A: En estas órbitas, que mal llamamos occidente, la idea de encontrarse con un santo pasa casi siempre por entrever una escultura. No nos parecen posibles. Son cosa del pasado. La santidad de la gente, es decir, su grado profundo y humilde de entrega a Dios, no es algo con lo que convivamos cotidianamente.
I: Menos aún fuera de lo religioso. Porque una cosa es santidad y otra muy distinta la beatería.
A: Sí, nos enseñaron a ver a Dios muy lejos, como algo inalcanzable, y por eso el anhelo de ese cielo tan distante...
I: Imaginate una salvación after death.

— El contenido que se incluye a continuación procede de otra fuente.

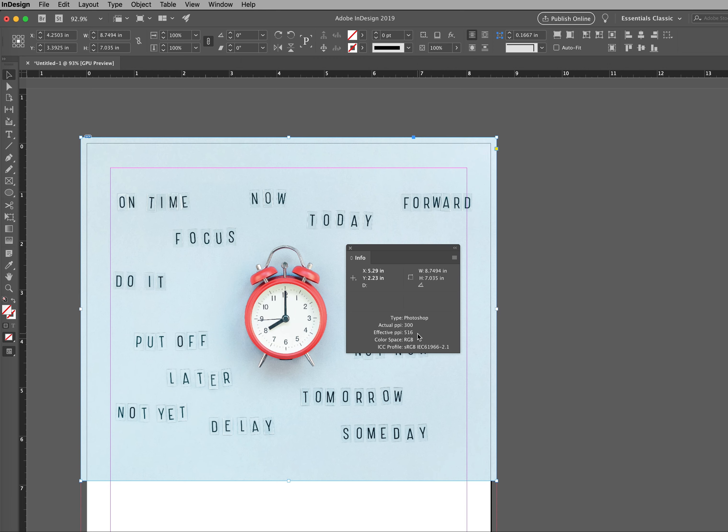Effective PPI must be 300 or higher for print.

Toda la vida uno haciendo mérito para un más allá cuando se nos escapa y olvida el más acá.
A: Y eso es lo más curioso, porque si nuestras sociedades indoafroamericanas poseen entre sus raíces los múltiples legados cristianos, algo que en este punto es innegable, se supone que en tal sentido nuestra imagen colectiva de lo sagrado es a imagen y semejanza de lo humano. Jesús era uno de nosotros y no un dios súper-excitado que bajaba del olimpo para perseguir a chicas lindas como la de nombre Europa.

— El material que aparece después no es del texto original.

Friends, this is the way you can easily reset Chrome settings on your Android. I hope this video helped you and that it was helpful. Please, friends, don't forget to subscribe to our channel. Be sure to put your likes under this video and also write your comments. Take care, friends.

I: Era lo que le molestaba a Borges: la idea del dios a escala personal. Pero lo cristiano era entrevisto por Zurita aun en algunos poemas de Neruda; sin ser creyentes ambos poetas lo expresan desde la base existencial de nuestra lengua. Ahora bien, Jesús no era el dios que se convertía en animal, como Zeus, por muchas que sean las alegorías sobre el cordero y el pez.
A: Y, sin embargo, para los hindúes, y aun para los budistas zen, lo sagrado está al alcance y en una sintonía afortunada con el presente. En Nepal, la gente toca a sus deidades en templos callejeros. Les pone polvos de colores. Las baña. Son deidades de aspecto raro para nosotros, pero forman parte de su propia escala personal… En el zen japonés brilla lo cotidiano.

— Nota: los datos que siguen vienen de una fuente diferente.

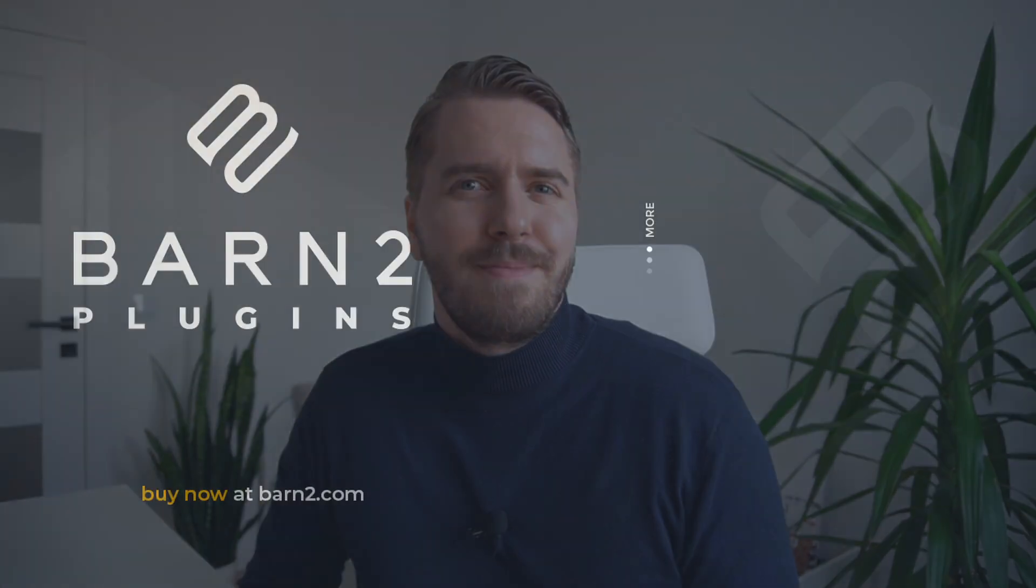Make sure to leave a comment below if you need any more help setting up our plugins on your store or website. And if you're looking for more plugin recommendations for WooCommerce, I made a top 10 list for the best cart plugins of 2023, which you can watch on the card here. I'll see you all again soon, and thanks for watching.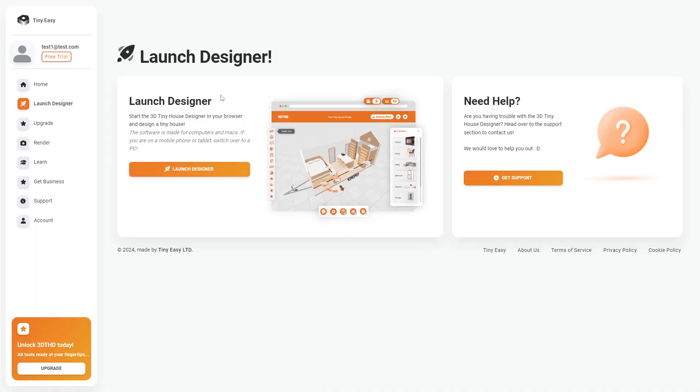Now I want to help you get started on your first project. Head over to Launch Designer and click the Launch Designer button.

I: Nos parecen raras ciertas deidades, porque son menos humanas y más animales. Y mirá que en el fondo nos parecemos más de lo que parece. Considerá cómo lo vemos en los sueños.
A: La deshumanización posee dos dimensiones muy diferentes: la del supuesto “sub” humano racializado y explotado. Y la del descentramiento de la antropomorfización del mundo.
I: Para muchos, Cristo está en el crucifijo y en la iglesia y se acabó. Se vuelve una costumbre de domingo, un lugar común, ¿viste? Eso es deshumanizador tanto para Cristo como para el cristiano.
A: Con todo, ver lo divino desde lo humano fue muy transgresor y revelador en tiempos del Antiguo Testamento cuando Dios parecía tan lejano, y a la vez había que sacrificarle animales… Entonces, la humanización cumplía un rol muy diferente a la del ego omni-antropomorfizador de las actuales sociedades extractivistas. Confundimos ser racionales con ser “conscientes”.
I: En mi concepto, uno de los propósitos de algunas corrientes teo-filosóficas indias es integrar las imágenes del inconsciente consciente-mente.